Ms. Slutsky said that problem pointed to the need for overlapping types of philanthropy. “If you have a painting and give it to a museum, that’s a great gift,” she said. “If you have someone who wants to pay to bring children to see it, that’s a great gift. But if you don’t have someone to pay the electricity bills, no one is going to see it.”
Avoiding these traps is not the only thing to contend with. Expectations also need to be managed. Joanna Jacobson, the former chief executive of Converse, helped found Strategic Grant Partners in 2002 with 15 wealthy Massachusetts families. The group, which focused on education and child welfare, has avoided the pitfalls on the “Give Smart” list. But in the process, she said she had lost some of her idealism.

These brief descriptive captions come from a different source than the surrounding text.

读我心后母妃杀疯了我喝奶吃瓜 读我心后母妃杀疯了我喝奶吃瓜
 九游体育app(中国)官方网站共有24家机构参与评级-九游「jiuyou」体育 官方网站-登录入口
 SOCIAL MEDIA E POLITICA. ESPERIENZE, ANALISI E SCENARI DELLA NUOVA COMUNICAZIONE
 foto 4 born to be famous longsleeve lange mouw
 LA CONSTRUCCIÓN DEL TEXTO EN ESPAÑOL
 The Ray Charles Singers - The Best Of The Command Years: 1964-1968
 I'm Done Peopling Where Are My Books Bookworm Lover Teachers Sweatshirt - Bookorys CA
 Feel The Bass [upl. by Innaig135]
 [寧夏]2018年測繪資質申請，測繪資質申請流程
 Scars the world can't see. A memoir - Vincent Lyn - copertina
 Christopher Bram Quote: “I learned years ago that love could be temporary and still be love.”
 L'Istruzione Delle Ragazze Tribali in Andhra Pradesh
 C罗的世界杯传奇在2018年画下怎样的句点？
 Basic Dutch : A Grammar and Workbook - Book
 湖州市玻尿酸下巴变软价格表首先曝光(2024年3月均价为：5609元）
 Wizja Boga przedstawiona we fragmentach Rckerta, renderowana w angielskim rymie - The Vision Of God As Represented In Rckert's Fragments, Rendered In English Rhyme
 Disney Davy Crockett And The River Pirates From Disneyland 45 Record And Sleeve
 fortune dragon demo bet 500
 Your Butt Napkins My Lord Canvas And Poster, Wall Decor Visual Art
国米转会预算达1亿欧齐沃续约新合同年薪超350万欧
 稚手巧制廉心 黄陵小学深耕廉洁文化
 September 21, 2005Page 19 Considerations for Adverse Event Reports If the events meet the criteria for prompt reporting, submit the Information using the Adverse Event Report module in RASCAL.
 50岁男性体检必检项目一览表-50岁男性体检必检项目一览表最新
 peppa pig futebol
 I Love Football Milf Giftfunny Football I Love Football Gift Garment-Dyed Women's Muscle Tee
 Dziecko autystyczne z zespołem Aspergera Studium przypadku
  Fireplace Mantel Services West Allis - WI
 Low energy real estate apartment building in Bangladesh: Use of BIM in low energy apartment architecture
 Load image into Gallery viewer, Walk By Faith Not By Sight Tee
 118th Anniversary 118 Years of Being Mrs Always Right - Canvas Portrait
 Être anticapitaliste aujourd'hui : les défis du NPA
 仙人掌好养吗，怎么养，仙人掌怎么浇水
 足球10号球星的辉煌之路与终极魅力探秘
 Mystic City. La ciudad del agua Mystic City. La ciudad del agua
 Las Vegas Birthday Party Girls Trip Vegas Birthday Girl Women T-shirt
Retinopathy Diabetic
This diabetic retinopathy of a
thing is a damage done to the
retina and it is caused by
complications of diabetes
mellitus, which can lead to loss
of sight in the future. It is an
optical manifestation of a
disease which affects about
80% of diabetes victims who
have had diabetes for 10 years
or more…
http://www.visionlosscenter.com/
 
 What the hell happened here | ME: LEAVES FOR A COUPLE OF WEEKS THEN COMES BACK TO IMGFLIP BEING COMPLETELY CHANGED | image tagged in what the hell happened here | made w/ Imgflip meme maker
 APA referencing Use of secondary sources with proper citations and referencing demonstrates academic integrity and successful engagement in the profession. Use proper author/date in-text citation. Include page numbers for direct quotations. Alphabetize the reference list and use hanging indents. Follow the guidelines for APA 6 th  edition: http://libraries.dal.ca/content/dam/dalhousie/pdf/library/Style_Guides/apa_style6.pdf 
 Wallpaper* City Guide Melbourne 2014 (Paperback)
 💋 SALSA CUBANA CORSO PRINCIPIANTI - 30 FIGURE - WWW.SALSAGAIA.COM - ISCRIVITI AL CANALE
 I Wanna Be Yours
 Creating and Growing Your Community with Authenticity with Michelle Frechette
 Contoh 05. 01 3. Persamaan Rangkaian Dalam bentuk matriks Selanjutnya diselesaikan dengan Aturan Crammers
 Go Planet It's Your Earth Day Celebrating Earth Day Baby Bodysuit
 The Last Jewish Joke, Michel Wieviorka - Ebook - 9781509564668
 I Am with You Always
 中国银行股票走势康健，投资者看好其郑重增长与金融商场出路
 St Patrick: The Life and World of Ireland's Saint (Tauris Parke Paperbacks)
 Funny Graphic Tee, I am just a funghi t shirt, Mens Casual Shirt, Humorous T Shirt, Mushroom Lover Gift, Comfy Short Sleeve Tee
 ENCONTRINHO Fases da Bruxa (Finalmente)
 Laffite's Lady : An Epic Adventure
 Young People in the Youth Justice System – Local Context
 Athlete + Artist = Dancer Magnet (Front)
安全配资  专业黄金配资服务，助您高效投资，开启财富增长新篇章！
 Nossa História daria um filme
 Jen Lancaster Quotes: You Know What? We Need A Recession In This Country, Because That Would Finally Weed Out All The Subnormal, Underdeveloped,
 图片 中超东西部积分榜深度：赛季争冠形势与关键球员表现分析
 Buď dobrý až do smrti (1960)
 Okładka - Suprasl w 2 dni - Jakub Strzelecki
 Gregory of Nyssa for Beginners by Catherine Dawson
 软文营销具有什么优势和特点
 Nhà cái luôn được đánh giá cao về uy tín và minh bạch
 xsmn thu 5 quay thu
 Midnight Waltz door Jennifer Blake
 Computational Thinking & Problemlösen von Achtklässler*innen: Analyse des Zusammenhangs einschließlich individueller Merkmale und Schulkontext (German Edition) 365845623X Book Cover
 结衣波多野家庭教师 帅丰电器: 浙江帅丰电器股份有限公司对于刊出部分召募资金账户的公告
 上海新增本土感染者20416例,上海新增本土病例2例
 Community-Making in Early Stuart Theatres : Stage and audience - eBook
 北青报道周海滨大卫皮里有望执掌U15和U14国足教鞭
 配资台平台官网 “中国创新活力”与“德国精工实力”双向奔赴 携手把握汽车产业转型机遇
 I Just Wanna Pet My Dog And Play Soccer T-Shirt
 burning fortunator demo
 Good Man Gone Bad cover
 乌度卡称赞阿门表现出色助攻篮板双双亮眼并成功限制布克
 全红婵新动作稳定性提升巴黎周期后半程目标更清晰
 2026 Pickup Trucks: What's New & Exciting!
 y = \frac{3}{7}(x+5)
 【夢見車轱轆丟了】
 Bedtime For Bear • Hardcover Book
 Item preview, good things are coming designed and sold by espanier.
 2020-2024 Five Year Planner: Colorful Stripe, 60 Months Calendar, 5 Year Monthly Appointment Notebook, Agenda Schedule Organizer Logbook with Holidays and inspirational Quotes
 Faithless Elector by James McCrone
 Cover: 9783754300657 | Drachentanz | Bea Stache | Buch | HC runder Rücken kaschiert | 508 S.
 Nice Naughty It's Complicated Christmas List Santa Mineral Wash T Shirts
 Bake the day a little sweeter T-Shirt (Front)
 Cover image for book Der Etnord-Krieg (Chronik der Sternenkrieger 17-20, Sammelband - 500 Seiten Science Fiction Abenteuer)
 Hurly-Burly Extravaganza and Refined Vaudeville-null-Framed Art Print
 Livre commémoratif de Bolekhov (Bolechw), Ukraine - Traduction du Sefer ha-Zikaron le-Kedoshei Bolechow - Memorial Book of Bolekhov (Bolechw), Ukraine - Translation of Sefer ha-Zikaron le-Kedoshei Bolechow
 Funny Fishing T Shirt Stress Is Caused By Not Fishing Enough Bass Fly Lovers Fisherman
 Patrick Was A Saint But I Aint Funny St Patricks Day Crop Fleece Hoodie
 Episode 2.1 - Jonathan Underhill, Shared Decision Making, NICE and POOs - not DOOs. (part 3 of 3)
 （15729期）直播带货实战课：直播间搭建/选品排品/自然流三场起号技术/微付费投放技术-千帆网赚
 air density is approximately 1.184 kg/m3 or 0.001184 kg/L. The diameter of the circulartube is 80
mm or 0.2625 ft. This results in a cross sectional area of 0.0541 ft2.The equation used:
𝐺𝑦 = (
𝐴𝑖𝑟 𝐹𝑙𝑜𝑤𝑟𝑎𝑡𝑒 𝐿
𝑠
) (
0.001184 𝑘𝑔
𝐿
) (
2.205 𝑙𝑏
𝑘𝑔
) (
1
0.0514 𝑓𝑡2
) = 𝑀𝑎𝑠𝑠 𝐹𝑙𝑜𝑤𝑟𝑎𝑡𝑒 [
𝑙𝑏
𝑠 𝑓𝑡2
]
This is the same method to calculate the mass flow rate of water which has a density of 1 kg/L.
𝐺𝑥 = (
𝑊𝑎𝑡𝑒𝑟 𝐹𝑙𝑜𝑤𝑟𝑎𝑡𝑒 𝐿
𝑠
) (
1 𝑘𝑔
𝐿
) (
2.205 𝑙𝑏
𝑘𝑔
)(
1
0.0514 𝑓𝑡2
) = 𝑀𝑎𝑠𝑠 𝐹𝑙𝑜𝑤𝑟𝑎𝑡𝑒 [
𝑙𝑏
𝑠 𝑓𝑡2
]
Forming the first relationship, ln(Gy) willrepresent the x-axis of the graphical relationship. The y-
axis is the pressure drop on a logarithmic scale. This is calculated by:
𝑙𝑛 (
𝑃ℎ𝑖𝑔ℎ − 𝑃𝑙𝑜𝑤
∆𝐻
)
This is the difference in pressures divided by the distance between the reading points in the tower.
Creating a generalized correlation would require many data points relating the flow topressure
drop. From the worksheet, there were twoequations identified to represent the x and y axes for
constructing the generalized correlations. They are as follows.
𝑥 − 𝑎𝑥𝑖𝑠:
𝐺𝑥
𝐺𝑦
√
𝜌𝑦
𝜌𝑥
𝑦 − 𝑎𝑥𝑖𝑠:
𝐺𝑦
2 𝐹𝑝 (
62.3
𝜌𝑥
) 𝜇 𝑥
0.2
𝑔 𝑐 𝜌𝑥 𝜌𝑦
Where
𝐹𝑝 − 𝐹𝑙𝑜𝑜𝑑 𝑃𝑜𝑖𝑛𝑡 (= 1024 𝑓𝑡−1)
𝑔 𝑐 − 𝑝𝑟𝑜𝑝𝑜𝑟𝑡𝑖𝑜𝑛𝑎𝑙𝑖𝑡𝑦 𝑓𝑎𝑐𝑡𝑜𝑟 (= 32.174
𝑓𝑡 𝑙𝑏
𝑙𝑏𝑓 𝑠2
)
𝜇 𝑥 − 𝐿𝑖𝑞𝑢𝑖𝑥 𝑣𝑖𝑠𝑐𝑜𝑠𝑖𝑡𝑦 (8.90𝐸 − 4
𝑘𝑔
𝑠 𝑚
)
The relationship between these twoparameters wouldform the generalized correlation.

“We all thought that government would cheer wildly, and say, ‘We’ll replace the things that don’t work with the things that do work,’ ” she said. But that did not happen. “I just believe that government should be transparent and require outcomes. Then some of the risk-taking work we do could be better utilized.”
This is where being realistic about what you want to accomplish is important. “The bigger the problem, the more reasons it hasn’t been solved,” Mr. Fleishman said. “You have to ask yourself, How will you go about doing it?”
OTHER OPTIONS Of course, philanthropists can give away their money as they want to. It is, after all, their money. And philanthropy is one area where learning on the job is fine.
Diane Feeney, a director at the French American Charitable Trust and daughter of Charles Feeney, the co-founder of Duty Free Shops, said she began giving away her family’s money in a completely nonstrategic fashion.
“We started out giving to our alma maters and the communities we were living in,” she said. “We had an endowment of $40 million, which was a lot for your local soup kitchen or your alma mater.”
Then, she and her siblings and mother began thinking of how they could have a big impact in one specific area: helping develop leaders in impoverished communities. Over 18 years, this interest grew.
“We started realizing that the management of these community-led groups was not very strong,” she said. “We started a technical assistance program, and we offered them consultants to help them work on whatever was most needed.”
The foundation will close next year, but even in shutting it down, Ms. Feeney said she was committed to acting in a way that helped those who received her grants to find aid elsewhere. And she is free to do exactly that.
“Philanthropy is a voluntary use of money,” said Melissa Berman, president of Rockefeller Philanthropy Advisors. “That’s why we stress understanding your personal goals and motivations.”